# any of you guys and gals installed this PXAMG?



## supaman358 (Jan 15, 2008)

http://www.youtube.com/watch?v=cIiQGU4TNjk
supposed to be a full on hd radio/ ipod text controls on the oem vw radio. i want..


----------



## japoipnoi (Oct 31, 2005)

*Re: any of you guys and gals installed this PXAMG? (supaman358)*

What is needed for this install? Hope everything is plug and play.
I also found this http://www.peripheralelectroni...b.pdf 
I am retrofitting a 2006 GLI Premium 7 w/Sat into this rabbit. This is what I found helpful.
Thats not all you need for the HD Radio. You also have to shell out for the HDRT module! You will also need to feed or Y-adapt your antenna plug!
In order to have HD, this install should have been labeled PXAMG/HDRT/PGHVW1 Harness req.
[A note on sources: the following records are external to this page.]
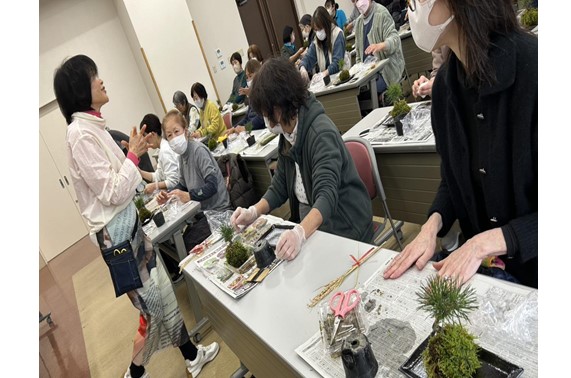 鷲津西地区苔玉づくり教室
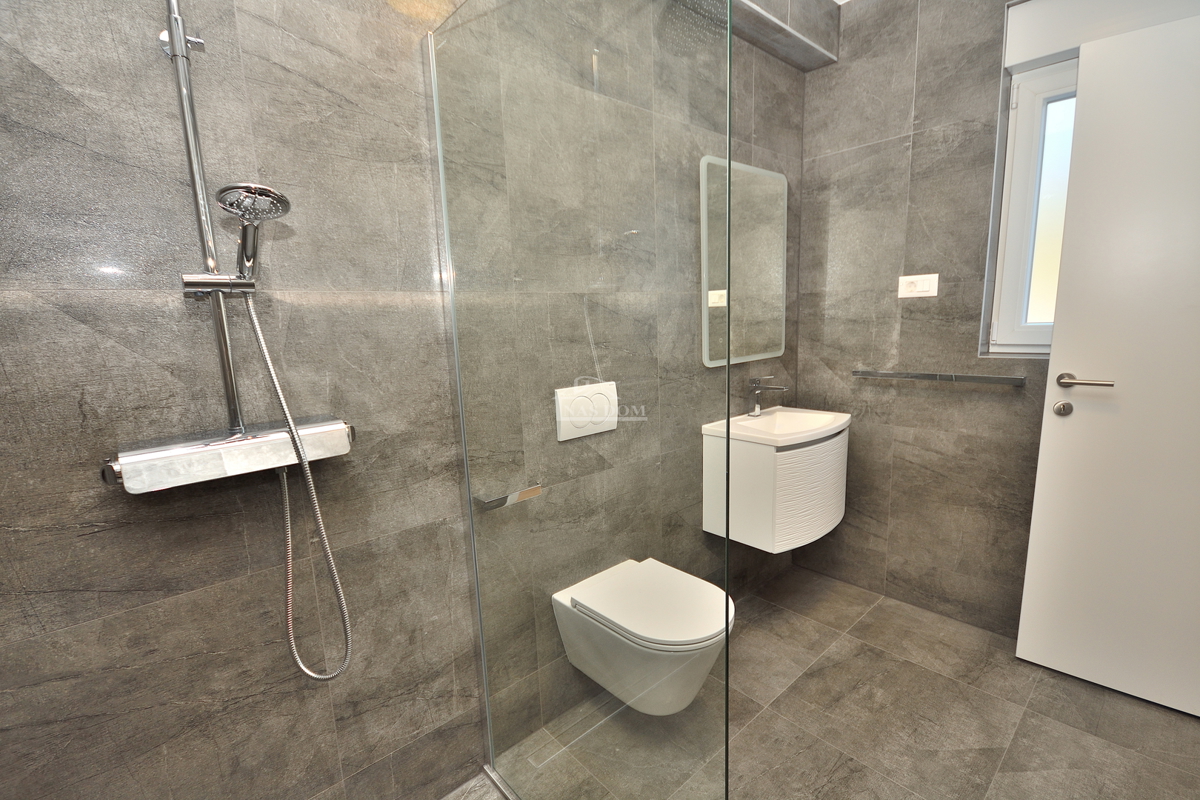 Vodice - dvojna hiša s bazenom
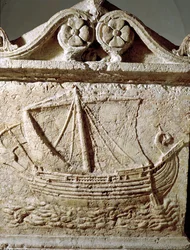 Détail du sarcophage du navire, en pierre de Sidon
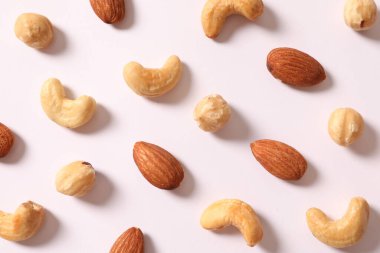 Renk arkaplanı ve üst görünümde lezzetli bademler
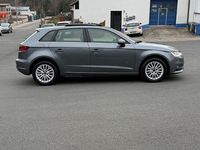 Gebraucht Audi A3 Ambiente 150 PS (110 kW) 2015 Grau Limousine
SAT BUTTON is required on Premium 7 Head Unit!



_Modified by japoipnoi at 7:12 AM 11-8-2008_


----------



## japoipnoi (Oct 31, 2005)

*Re: any of you guys and gals installed this PXAMG? (japoipnoi)*

Typed DIY
Buy PXAMG/PGHVW1/HDRT



_Modified by japoipnoi at 7:10 AM 11-12-2008_


----------